Linn Ullmann peint avec puissance la pesanteur des liens familiaux et les maladies de l'âme humaine. Elle se révèle habile dans l'art brouiller les repères temporaux, de mêler le présent et le passé d'une manière inextricable, dans la façon dont elle fait partager au lecteur le drame qui détruit les personnages par l'intérieur sans que jamais cela ne soit dit ou reconnu par l'entourage.
Un roman qui révèle des qualités certaines de style et de psychologue.

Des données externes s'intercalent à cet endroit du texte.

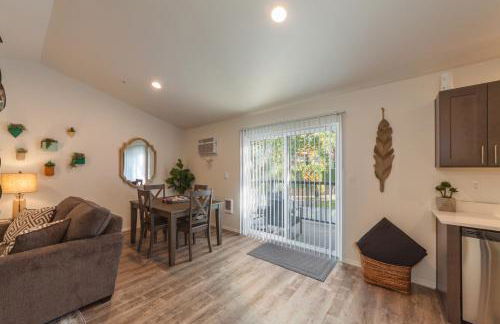 Modern and Stylish KING bed Wifi FREE Parking - Foto 9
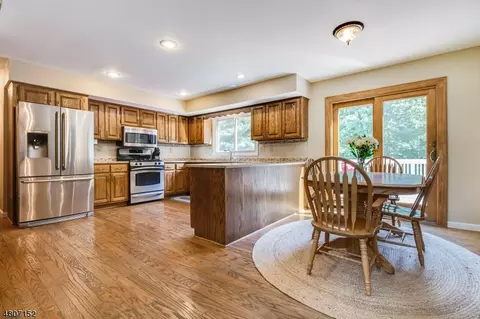 16 Rustic Trl, Flemington, NJ 08822 photo 2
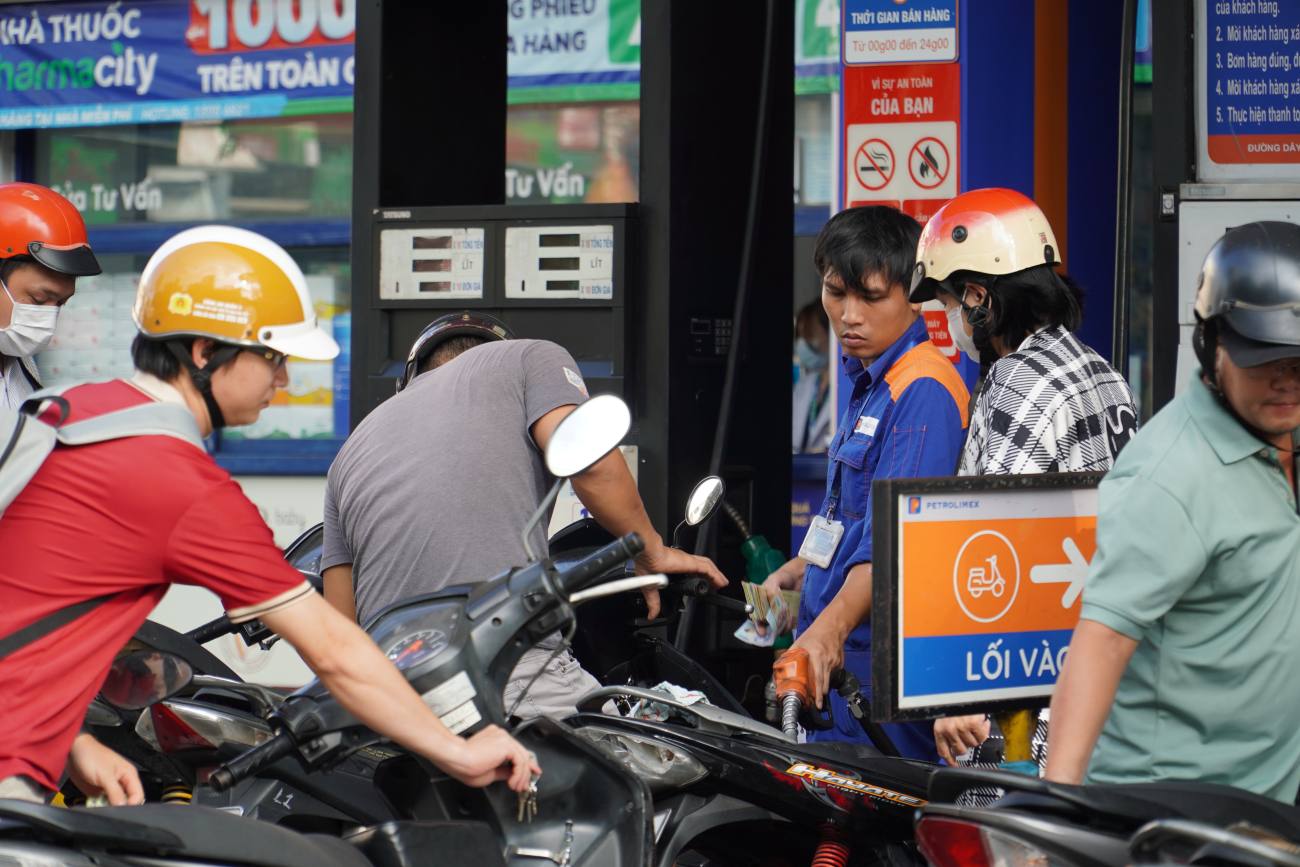 La production de consommation d'essence E10 a Ho Chi Minh-Ville augmente progressivement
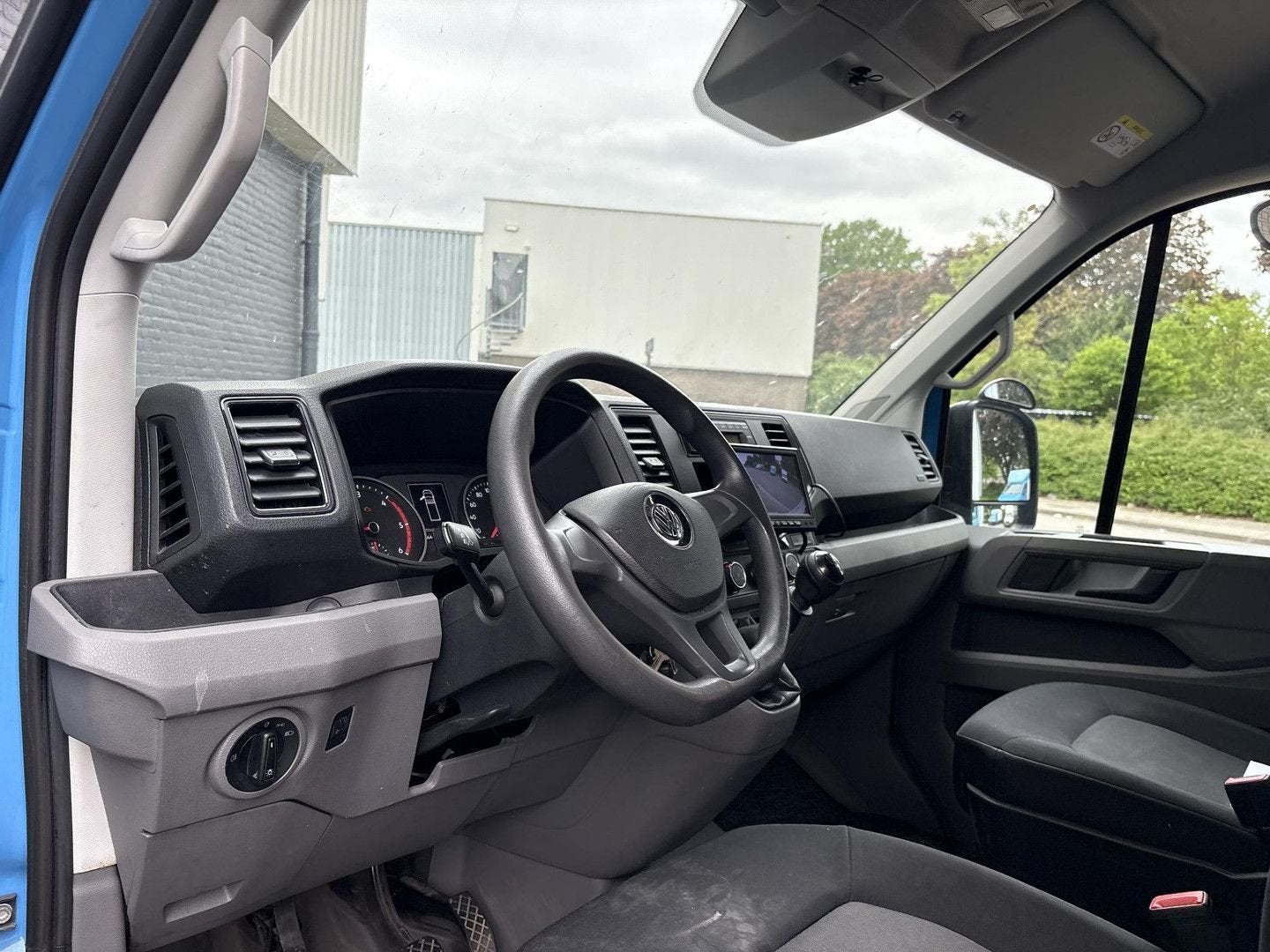 Volkswagen Crafter 35 2.0 TDI L4H3 | € 8.450,- NETTO! | Euro, Blauw, Electronic Stability Program (ESP), Bedrijf, 277 g/km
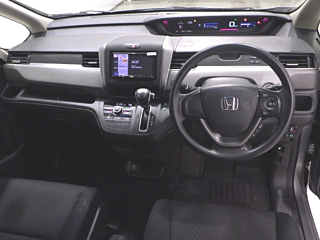 HONDA FREED 2017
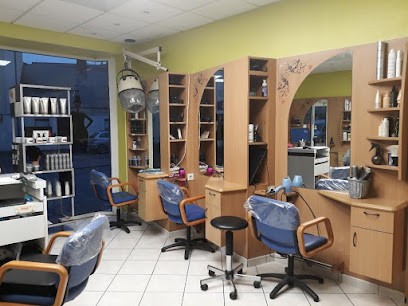 Créa Couleur et Styles, Salon de Coiffure à Beaumont-Pied-de-Boeuf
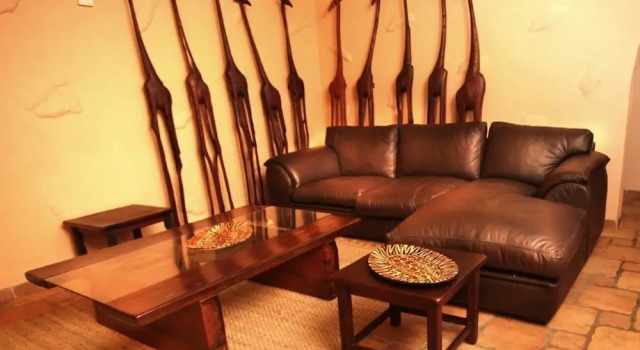 Люкс Mount Etjo Safari Lodge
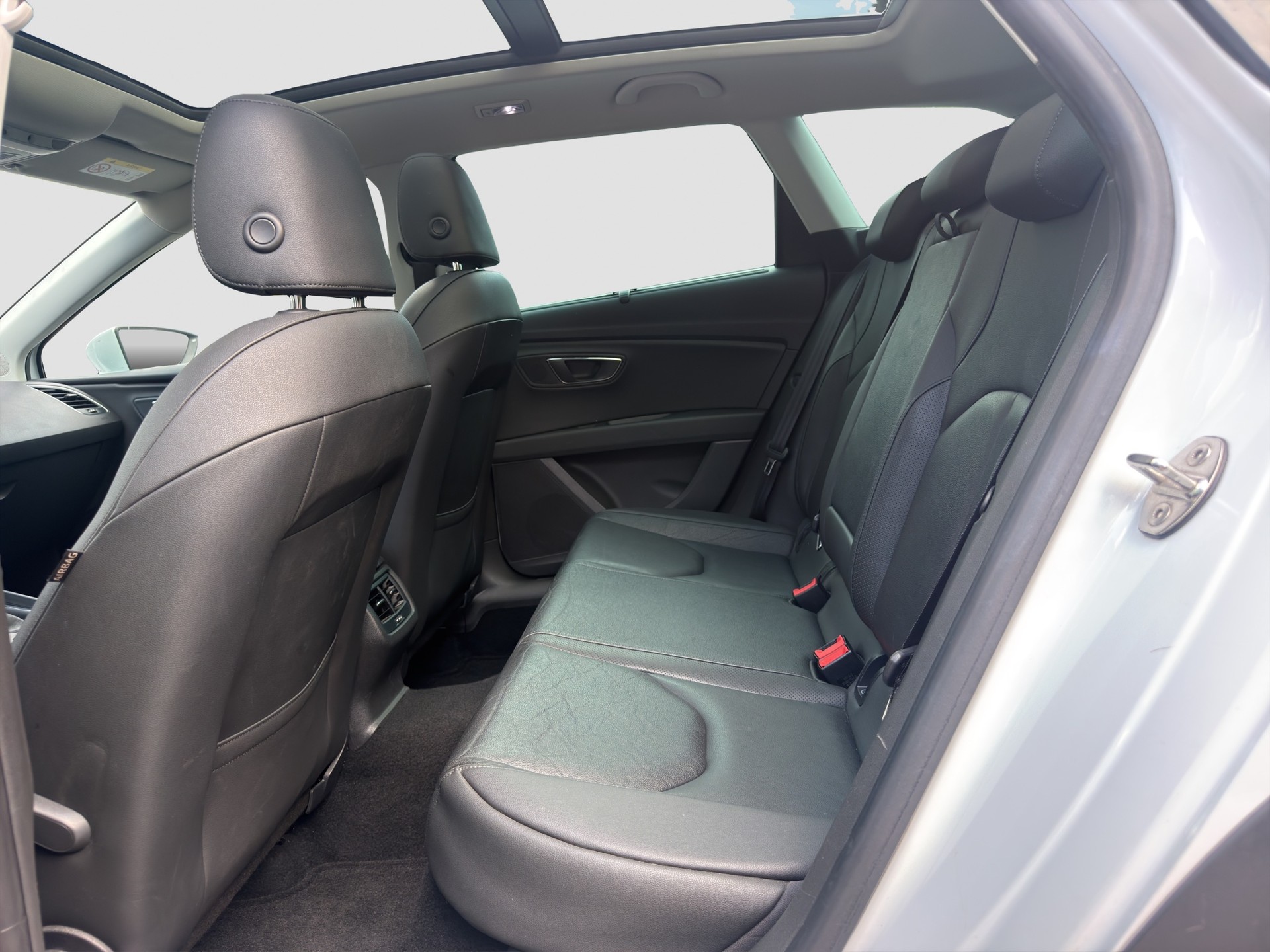 SEAT Leon ST 2.0 TDI CR X-Perience 4Drive DSG-image-12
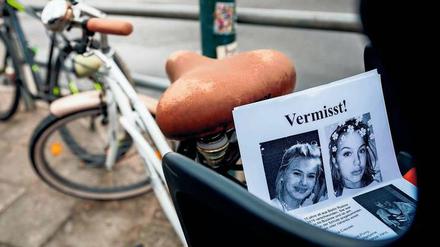Weitersuchen. Rebeccas Familie gibt die Hoffnung nicht auf, die 15-Jährige noch lebend zu finden. Doch alles deutet darauf hin, dass das Mädchen zum Opfer eines Gewaltverbrechens geworden ist.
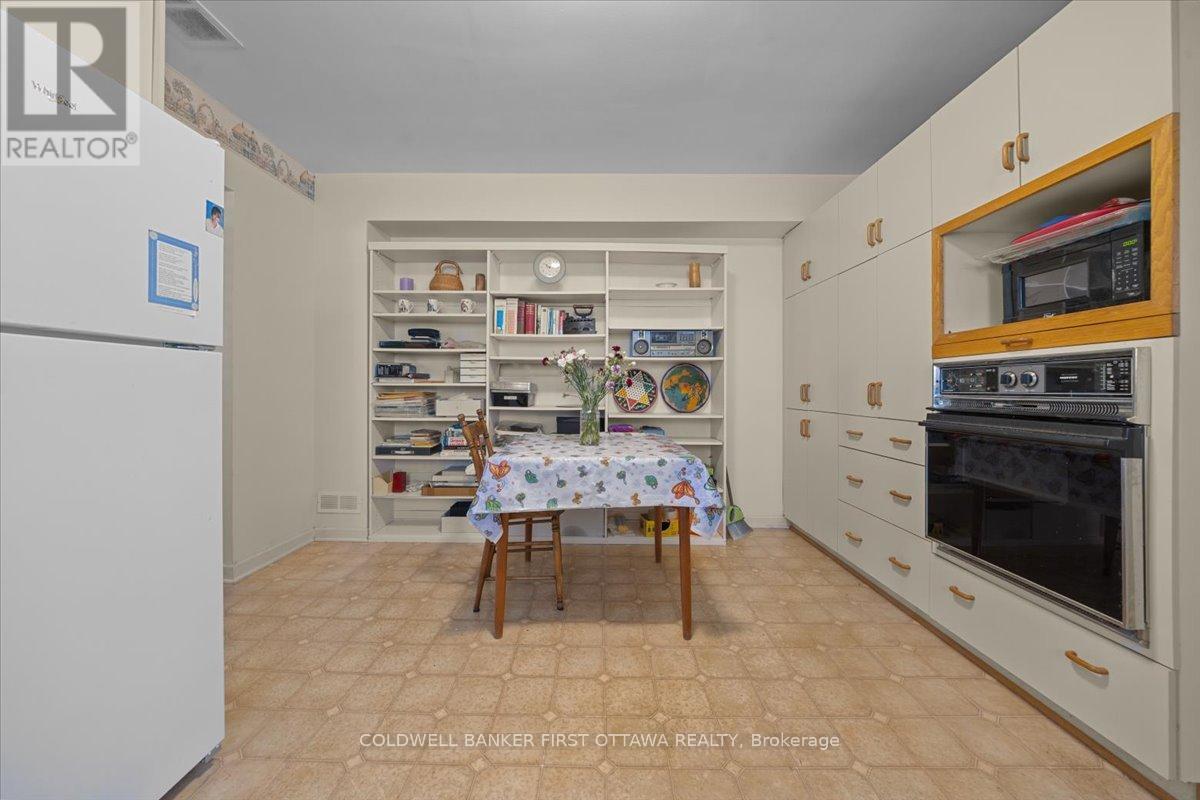 832 Ivanhoe Avenue, Ottawa, ON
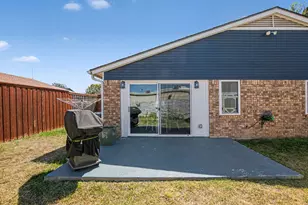 5911 Dangerfield Ct, Arlington, TX 76017 - Photo 24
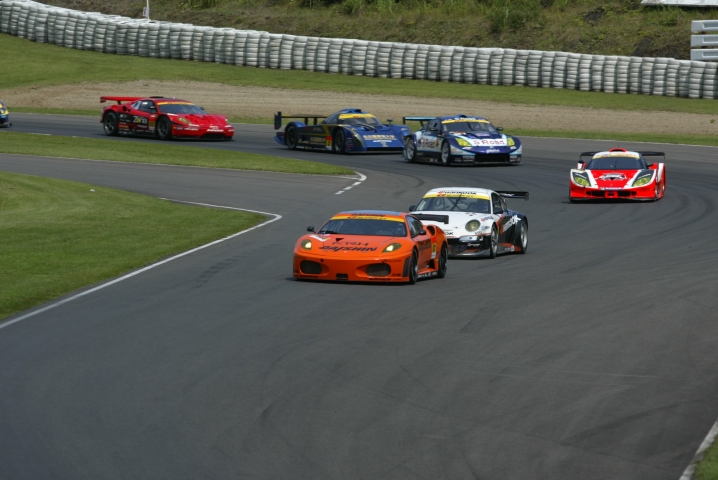 スタートからトップを独走したダイシンフェラーリ。そのまま逃げ切るかと思われたが...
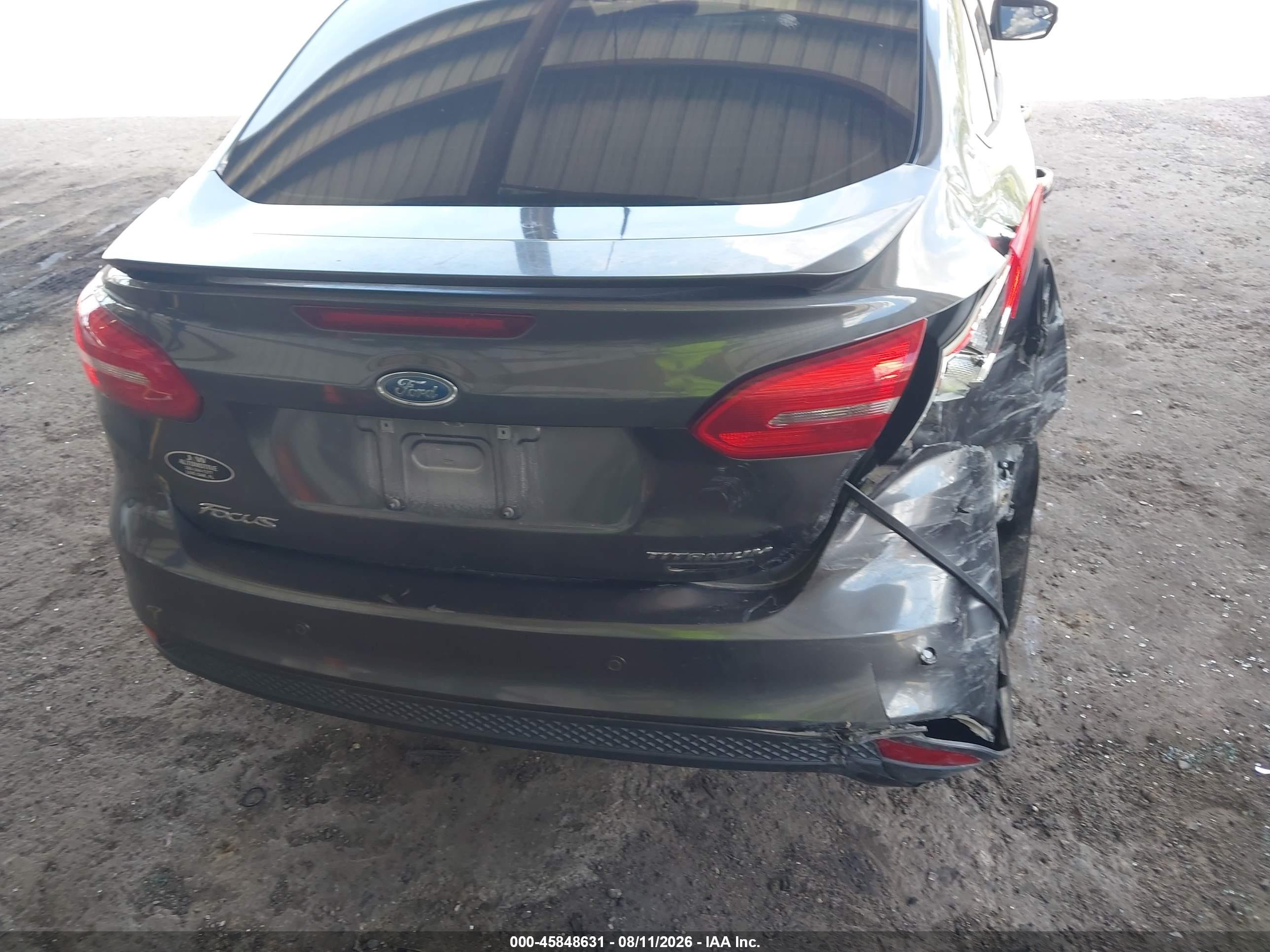 2015 Ford Focus Titanium Gray vin: 1FADP3J26FL268613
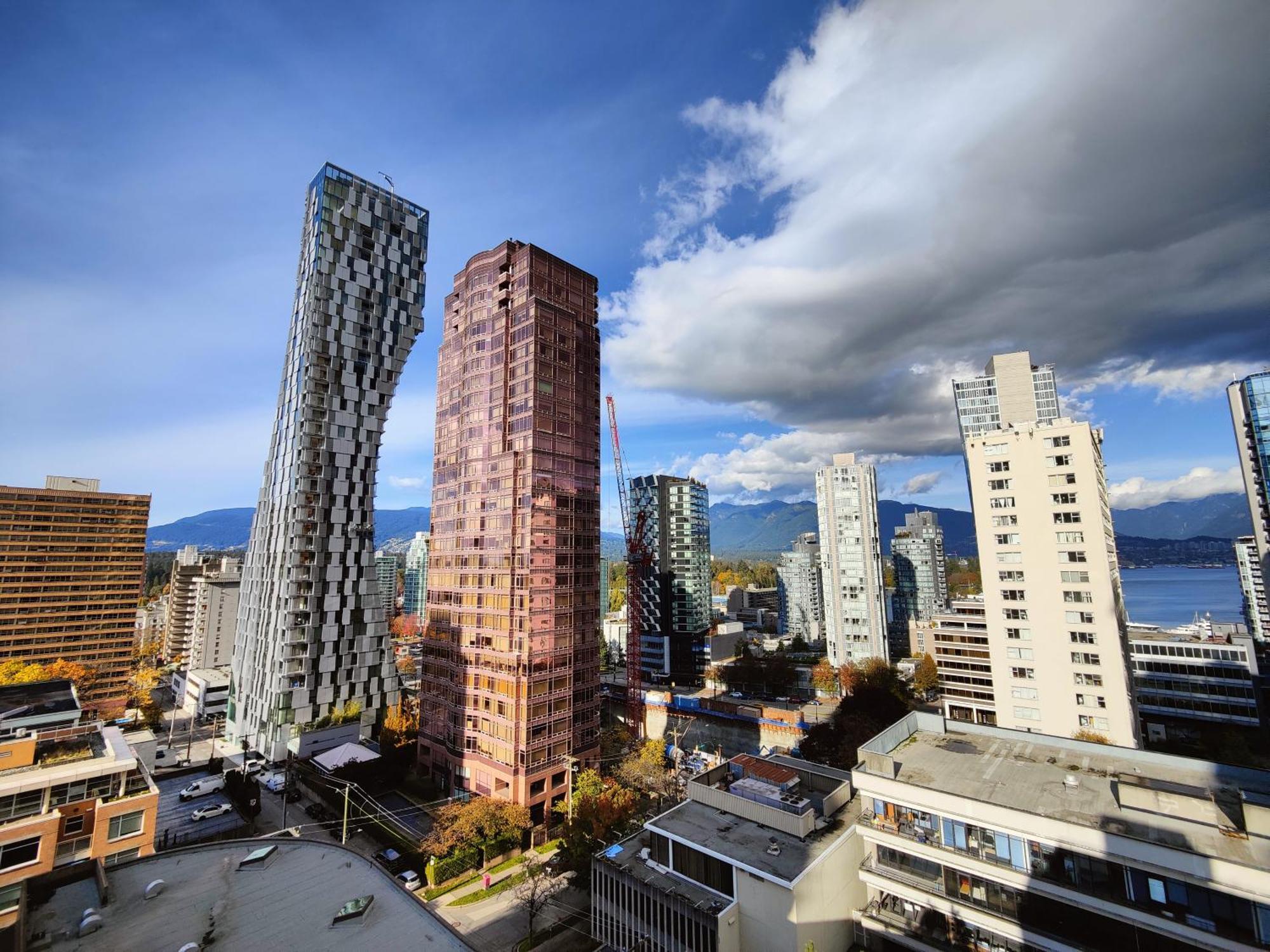Divya Sutra Suites On Robson Downtown Vancouver Buitenkant foto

Ainsi Siri, lorsqu'elle était petite fille, face au chagrin et à la colère de sa mère ne pouvait que se perdre dans plusieurs personnalités pour y faire face
"Une fois qu'elle arrivait en déferlant, la fureur de Jenny était si grande, noire, impossible à réfréner, que mieux valait se diviser et de venir une armée entière. Devenir une qui faisait la vigie. Une qui se battait. Une qui pleurait et demandait grâce. Une qui raisonnait. Une qui dansait et faisait des pitreries. Une qui demandait pardon. Une qui apportait des fruits et du réconfort. Une qui essayait de tout réparer. Et une qui se sauvait mais qui n'arrivait jamais bien loin."